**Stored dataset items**
•••••

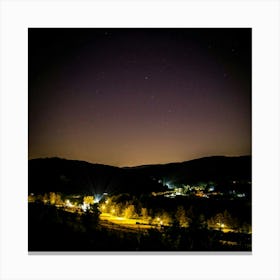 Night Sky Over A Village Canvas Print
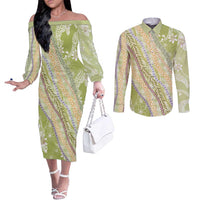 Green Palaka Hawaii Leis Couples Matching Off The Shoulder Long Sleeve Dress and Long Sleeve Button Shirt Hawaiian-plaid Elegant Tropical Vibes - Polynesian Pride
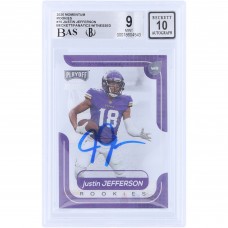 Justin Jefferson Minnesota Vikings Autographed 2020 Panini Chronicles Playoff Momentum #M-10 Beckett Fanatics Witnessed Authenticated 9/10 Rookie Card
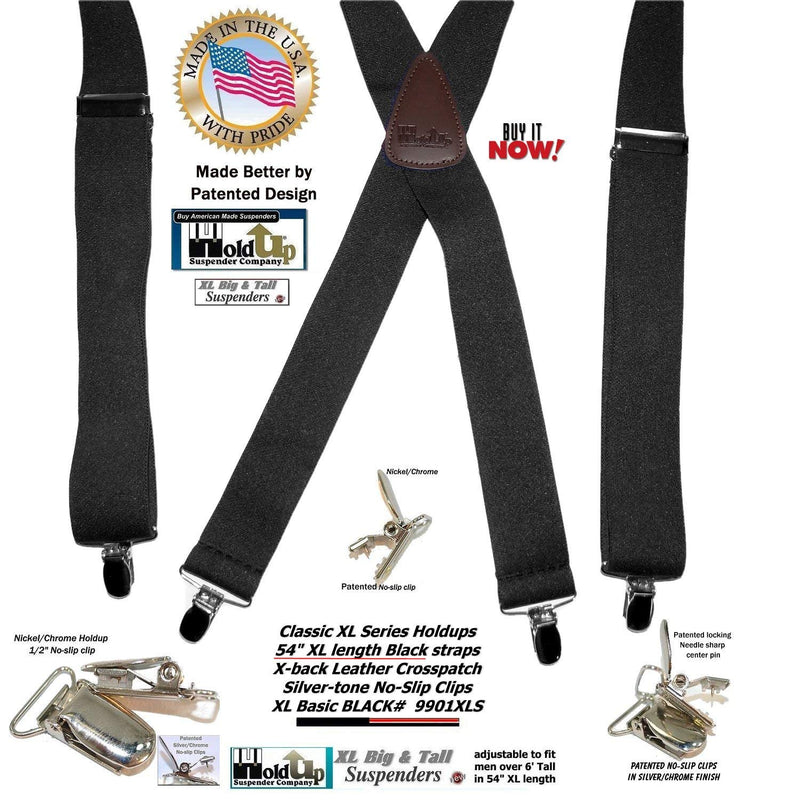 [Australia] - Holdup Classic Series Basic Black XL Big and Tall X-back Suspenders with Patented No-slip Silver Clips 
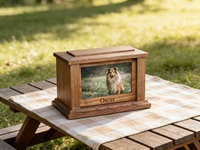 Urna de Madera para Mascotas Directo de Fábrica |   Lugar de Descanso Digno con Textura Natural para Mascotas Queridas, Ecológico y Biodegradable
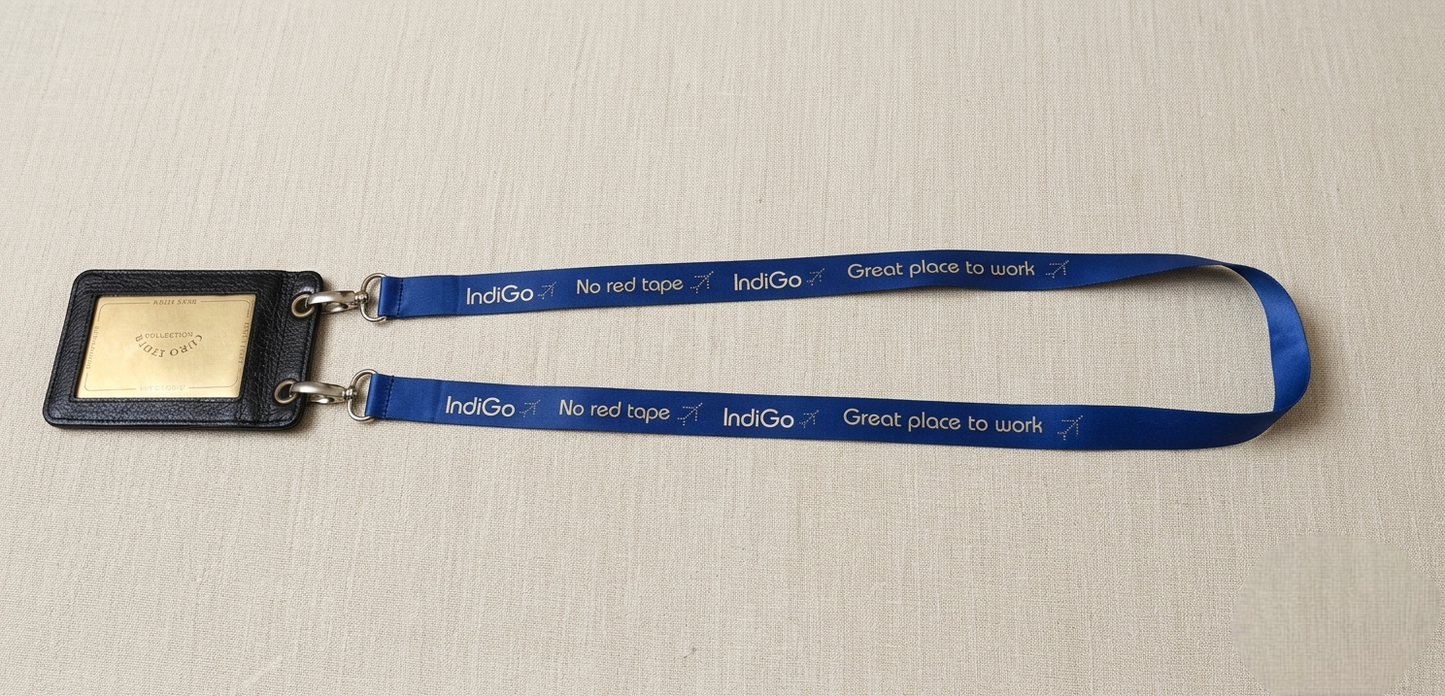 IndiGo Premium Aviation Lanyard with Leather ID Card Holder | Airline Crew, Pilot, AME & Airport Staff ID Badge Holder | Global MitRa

•••••

**WHAT IS BEING ASKED**
All entries need to be duplicated exactly, apart from the images.

**EXERCISE ANSWER**
 Night Sky Over A Village Canvas Print
 Green Palaka Hawaii Leis Couples Matching Off The Shoulder Long Sleeve Dress and Long Sleeve Button Shirt Hawaiian-plaid Elegant Tropical Vibes - Polynesian Pride
 Justin Jefferson Minnesota Vikings Autographed 2020 Panini Chronicles Playoff Momentum #M-10 Beckett Fanatics Witnessed Authenticated 9/10 Rookie Card
 [Australia] - Holdup Classic Series Basic Black XL Big and Tall X-back Suspenders with Patented No-slip Silver Clips 
 Urna de Madera para Mascotas Directo de Fábrica |   Lugar de Descanso Digno con Textura Natural para Mascotas Queridas, Ecológico y Biodegradable
 IndiGo Premium Aviation Lanyard with Leather ID Card Holder | Airline Crew, Pilot, AME & Airport Staff ID Badge Holder | Global MitRa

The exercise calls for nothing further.